Event Tables after 5.0.2: Architecture and Benchmark

Overview

This vignette compares the current event table handling with the old event table in 5.0.2. The focus is the event table layer (rxEt), because that is where the branch makes its largest architectural change.

At a high level, the old 5.0.2 event table handling keeps more of the event table implementation in compiled code, especially for sequence/repeat style operations. The new architecture moves a large part of event table construction and manipulation into R, keeps the solver and event translation in C/C++, and uses a lazy, environment-backed rxEt object as a data-frame proxy that defers full materialization until it is needed. By contrast, main works much more like an actual realized data frame throughout the event-table workflow.

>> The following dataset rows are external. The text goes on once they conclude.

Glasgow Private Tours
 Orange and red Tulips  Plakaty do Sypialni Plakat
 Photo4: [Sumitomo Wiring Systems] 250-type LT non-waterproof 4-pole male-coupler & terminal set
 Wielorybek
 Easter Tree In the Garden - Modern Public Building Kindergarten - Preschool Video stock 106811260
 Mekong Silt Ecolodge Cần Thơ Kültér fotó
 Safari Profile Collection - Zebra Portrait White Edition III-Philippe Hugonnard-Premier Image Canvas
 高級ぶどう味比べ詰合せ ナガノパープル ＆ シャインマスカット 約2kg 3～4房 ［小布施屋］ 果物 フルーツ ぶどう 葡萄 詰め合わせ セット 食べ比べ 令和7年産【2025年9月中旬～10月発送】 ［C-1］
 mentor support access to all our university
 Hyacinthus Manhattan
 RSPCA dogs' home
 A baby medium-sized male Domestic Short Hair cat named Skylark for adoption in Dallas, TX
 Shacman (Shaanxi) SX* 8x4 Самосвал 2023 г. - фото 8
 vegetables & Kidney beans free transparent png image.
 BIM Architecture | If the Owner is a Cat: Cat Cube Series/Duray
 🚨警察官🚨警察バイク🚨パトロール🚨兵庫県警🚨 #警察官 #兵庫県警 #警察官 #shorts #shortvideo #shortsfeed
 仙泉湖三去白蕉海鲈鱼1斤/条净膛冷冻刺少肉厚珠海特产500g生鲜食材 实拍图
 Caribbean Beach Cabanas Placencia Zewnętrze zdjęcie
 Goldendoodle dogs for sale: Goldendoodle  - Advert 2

The comparison below reflects:

new event table handling (including recent ALTREP and homogeneous group integrations)
old event table handling (at commit c46571d84)

Architectural decisions on new event table structure

The branch makes five important design choices.

1. Pure-R event table construction

The public et() API remains the same, but much more of the work now happens in R:

et.default() resolves event-table arguments and compatibility aliases
.newRxEt() creates the new object
.etBuildMethods() attaches the attached backward compatible methods like $add.sampling().
.etExpandAddl() expands addl records in R
etSeq(), etRbind(), and etRep() are implemented in R instead of depending on the older exported Rcpp helpers

This reduces the amount of cross-language glue needed for ordinary event table authoring. For maintainability, these R-based methods are extracted into focused internal files: R/et-helpers.R, R/et-methods.R, R/etNew.R, and R/etVctrs.R.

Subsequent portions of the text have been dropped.